WORK TO COMPLETE :: Lines from the listing that hold the string "Pendentif" are what you should return.
○ ○ ○
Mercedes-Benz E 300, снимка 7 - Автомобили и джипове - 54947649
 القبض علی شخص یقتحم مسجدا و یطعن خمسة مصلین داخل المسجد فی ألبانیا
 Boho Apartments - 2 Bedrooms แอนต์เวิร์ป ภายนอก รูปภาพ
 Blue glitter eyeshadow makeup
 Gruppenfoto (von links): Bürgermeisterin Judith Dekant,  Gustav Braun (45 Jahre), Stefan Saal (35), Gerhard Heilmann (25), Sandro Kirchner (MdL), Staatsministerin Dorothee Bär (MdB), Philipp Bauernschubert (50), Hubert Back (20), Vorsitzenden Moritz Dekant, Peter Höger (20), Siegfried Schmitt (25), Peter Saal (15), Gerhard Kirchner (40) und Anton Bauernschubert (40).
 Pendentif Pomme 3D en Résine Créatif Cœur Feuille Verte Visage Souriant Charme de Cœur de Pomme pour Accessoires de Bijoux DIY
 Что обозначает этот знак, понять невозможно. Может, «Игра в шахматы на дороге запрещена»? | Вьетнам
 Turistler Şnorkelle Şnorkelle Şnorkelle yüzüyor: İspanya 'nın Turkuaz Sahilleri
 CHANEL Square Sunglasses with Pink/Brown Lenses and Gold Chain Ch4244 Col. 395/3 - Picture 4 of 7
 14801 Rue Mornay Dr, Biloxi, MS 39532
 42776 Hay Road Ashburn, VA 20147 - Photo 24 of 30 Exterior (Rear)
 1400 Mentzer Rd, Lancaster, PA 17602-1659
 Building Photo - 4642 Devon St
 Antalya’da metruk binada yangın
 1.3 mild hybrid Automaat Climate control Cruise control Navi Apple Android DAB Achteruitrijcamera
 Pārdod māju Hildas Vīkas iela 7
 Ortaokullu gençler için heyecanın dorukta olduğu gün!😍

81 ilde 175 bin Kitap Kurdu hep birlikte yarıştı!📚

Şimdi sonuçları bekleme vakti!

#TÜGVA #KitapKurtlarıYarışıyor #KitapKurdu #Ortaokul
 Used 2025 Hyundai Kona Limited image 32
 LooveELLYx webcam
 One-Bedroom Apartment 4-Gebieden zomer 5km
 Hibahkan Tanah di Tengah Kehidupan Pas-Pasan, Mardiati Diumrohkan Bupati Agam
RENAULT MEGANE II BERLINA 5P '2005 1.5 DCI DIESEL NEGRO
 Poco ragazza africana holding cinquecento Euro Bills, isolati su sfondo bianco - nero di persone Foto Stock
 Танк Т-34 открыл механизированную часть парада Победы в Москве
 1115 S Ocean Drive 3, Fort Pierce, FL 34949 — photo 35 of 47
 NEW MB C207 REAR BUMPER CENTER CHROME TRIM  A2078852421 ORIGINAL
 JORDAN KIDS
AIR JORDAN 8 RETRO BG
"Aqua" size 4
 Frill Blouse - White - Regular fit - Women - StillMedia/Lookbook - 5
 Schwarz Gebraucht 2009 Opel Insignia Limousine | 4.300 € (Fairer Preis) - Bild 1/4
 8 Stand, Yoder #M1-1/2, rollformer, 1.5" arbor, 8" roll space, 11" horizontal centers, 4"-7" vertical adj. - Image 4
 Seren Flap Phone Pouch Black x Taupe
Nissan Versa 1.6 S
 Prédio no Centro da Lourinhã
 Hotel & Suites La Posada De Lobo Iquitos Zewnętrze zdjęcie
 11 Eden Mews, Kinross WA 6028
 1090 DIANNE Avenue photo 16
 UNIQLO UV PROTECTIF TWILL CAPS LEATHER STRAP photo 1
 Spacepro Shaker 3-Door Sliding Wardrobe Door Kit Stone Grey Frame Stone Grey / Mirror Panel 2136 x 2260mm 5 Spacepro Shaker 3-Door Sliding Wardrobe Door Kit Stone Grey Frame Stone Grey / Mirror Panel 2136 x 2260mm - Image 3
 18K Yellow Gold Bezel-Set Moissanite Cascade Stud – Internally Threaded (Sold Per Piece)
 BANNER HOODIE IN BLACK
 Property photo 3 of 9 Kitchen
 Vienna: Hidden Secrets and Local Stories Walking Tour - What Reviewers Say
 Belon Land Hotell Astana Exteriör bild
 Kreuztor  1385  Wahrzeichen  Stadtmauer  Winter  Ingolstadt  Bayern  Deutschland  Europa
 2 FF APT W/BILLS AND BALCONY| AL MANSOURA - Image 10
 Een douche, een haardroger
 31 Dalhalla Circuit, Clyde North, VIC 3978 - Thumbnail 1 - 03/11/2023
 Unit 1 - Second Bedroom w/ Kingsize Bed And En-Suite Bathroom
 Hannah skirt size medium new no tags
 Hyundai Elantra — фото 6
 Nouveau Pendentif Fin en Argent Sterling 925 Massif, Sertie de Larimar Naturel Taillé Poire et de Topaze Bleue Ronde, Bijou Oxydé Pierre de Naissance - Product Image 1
○ ○ ○
THE ANSWER ::
 Pendentif Pomme 3D en Résine Créatif Cœur Feuille Verte Visage Souriant Charme de Cœur de Pomme pour Accessoires de Bijoux DIY
 Nouveau Pendentif Fin en Argent Sterling 925 Massif, Sertie de Larimar Naturel Taillé Poire et de Topaze Bleue Ronde, Bijou Oxydé Pierre de Naissance - Product Image 1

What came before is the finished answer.